2. 2
Severe Acute Respiratory Syndrome, or SARS, was first discovered in Guangdong
province of China in November 2002 (Hui et. al. 2014). The disease was characterized by
persistent fever, dry cough, myalgia, malaise, and shortness of breath. It was described as
atypical pneumonia by clinicians. Eventually, many patients fall into acute respiratory distress,
which necessitates ventilatory support. The most troubling thing about the SARS epidemic in
2002/2003 was that the virus was able to spread to 29 countries and regions, causing 8098 cases
and 774 deaths (Hui et. al. 2014).
More recently, a similar atypical pneumonia-causing coronavirus has been discovered in
the Middle East. Scientists call it Middle East Respiratory Syndrome, or MERS. Since SARS
and MERS are both emerging coronaviruses, a lot of what was learned from the SARS epidemic
in 2003 has been applied since the first reported case or MERS in 2012. Although the viruses are
similar, there are differences between SARS and MERS. MERS seems to be less transmissible
through human-to-human contact than SARS is (Hui et. al. 2014). MERS patients are also more
prone to organ failure, due to the high rate of secondary illnesses associated with the disorder.
Researchers have very recently begun doing research on vaccines for coronaviruses like
SARS and MERS. A live attenuated measles vaccine that expressed the same S spike protein as
SARS CoV (coronavirus) was created and administered to laboratory mice. When exposed to
SARS, the lab mice were fully protected by their immune system against the virus (Escriou et. al.

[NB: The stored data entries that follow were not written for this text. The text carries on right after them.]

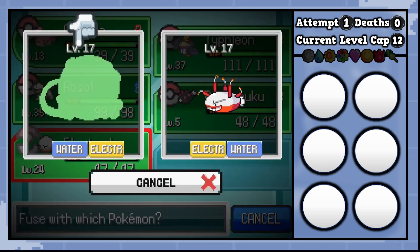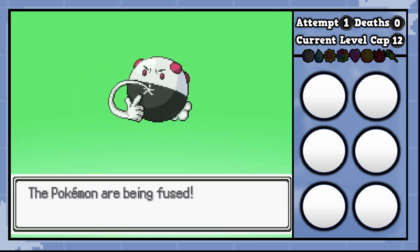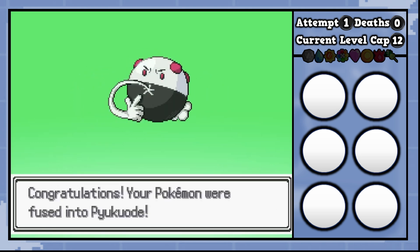That was more of a squished Pukumuku. So this one's probably going to be a black, white and pink Electrode, I would presume. Let's check it out. And there it is — the signature. I really like it.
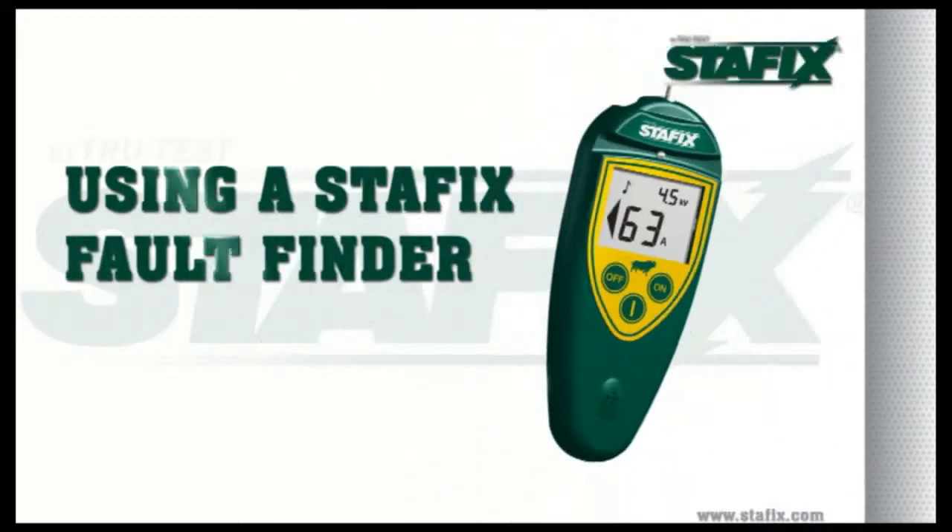Using a StayFix fault finder. When using the StayFix fault finder, always start at the beginning of the fence. If you have a multiple wire electric fence, measure all wires individually. At that point, the fault finder will tell you the condition of your fence and how much current is flowing.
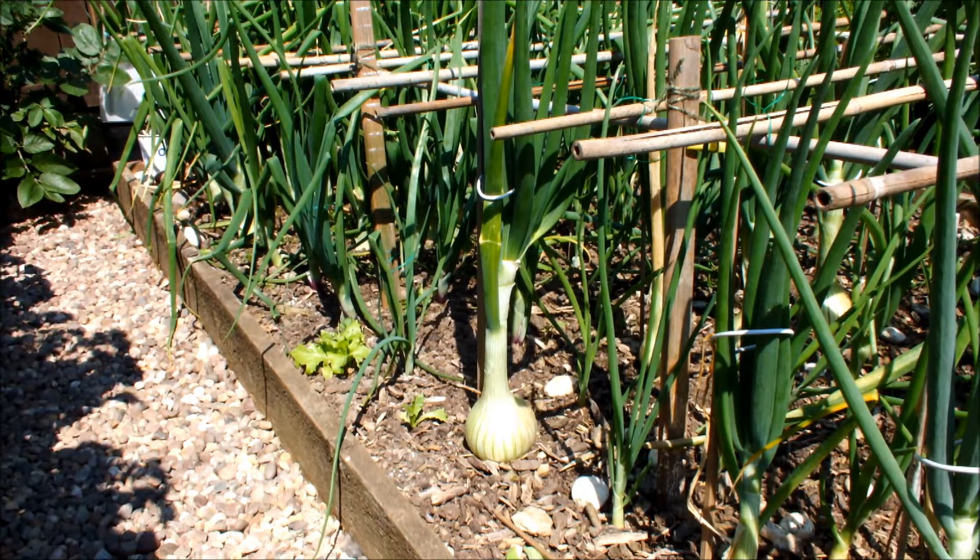What you're looking at now is my onion bed. The onion in the front of the shot is a winter onion. It's one of the few that hasn't gone to seed, that hasn't bolted. But this is the type of weather that can cause plants to run to seed and to bolt. It's just too hot for them and it's too dry for them.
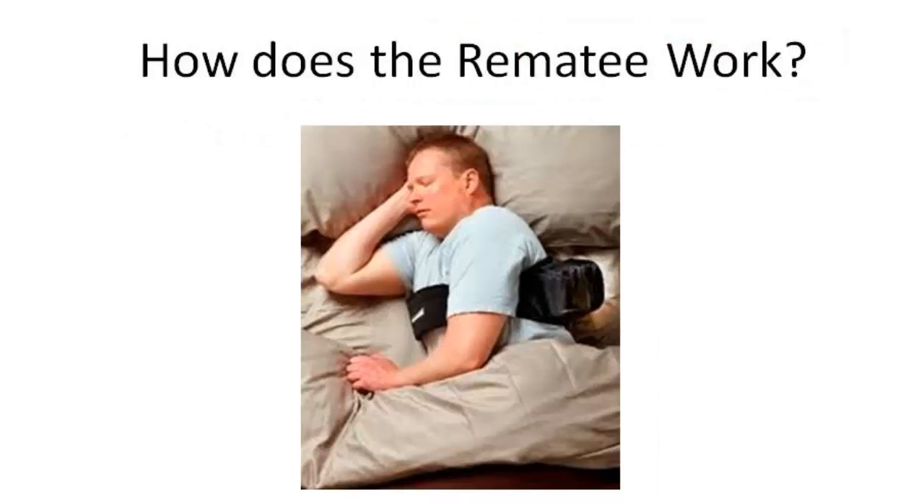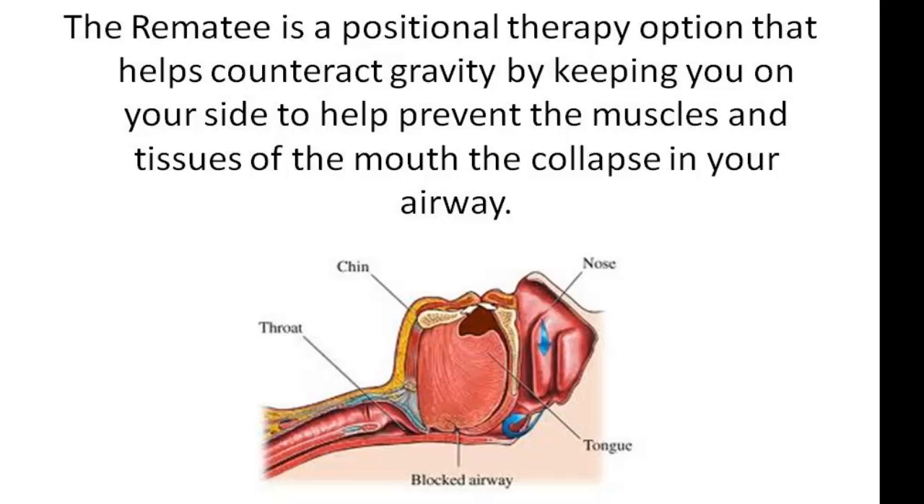So how does the Remedy work? The Remedy is a positional therapy option that helps counteract gravity by keeping you on your side to help prevent the muscles and tissues of the mouth from collapsing in the airways while you're sleeping. Sometimes it's very difficult for people to get used to a new sleep position, especially if you're used to sleeping on your back, where tissues and the tongue can really obstruct the airway. This helps you comfortably sleep on your side without any painful adjustments, keeping those tissues from blocking the airway and creating sleep apnea and snoring symptoms.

2014). There has also been recent research done regarding antiviral medication development for
emerging viral infections such as SARS, MERS, ebola, and more. 5000 small molecules were
screened, one of which was able to inhibit the protein needed for such viruses to cleave and
infect healthy cells. This small antiviral molecule could one day be developed into a potent
broad-spectrum anti-viral drug (Elshabrawy et. al. 2014).
3. 3
Another thing that SARS and MERS seem to have in common is bats. Bats are believed
to serve as reservoir hosts for coronaviruses such as SARS and MERS, in addition to Ebola,
Marburg, Nipah, and Hendra viruses (O’Shea et. al. 2014). Researchers believe that the increased
body temperature and higher metabolism of bats during flight boosts their immune system,
allowing them to tolerate a higher viral diversity in their bodies without becoming ill. This makes
them an important, and potentially lethal reservoir for the virus (O’shea et. al. 2014). Camels
have also been found to be carriers of the MERS virus, but whether or not the camels infected
the humans, or vice versa, is yet to be determined (Hui et. al. 2014).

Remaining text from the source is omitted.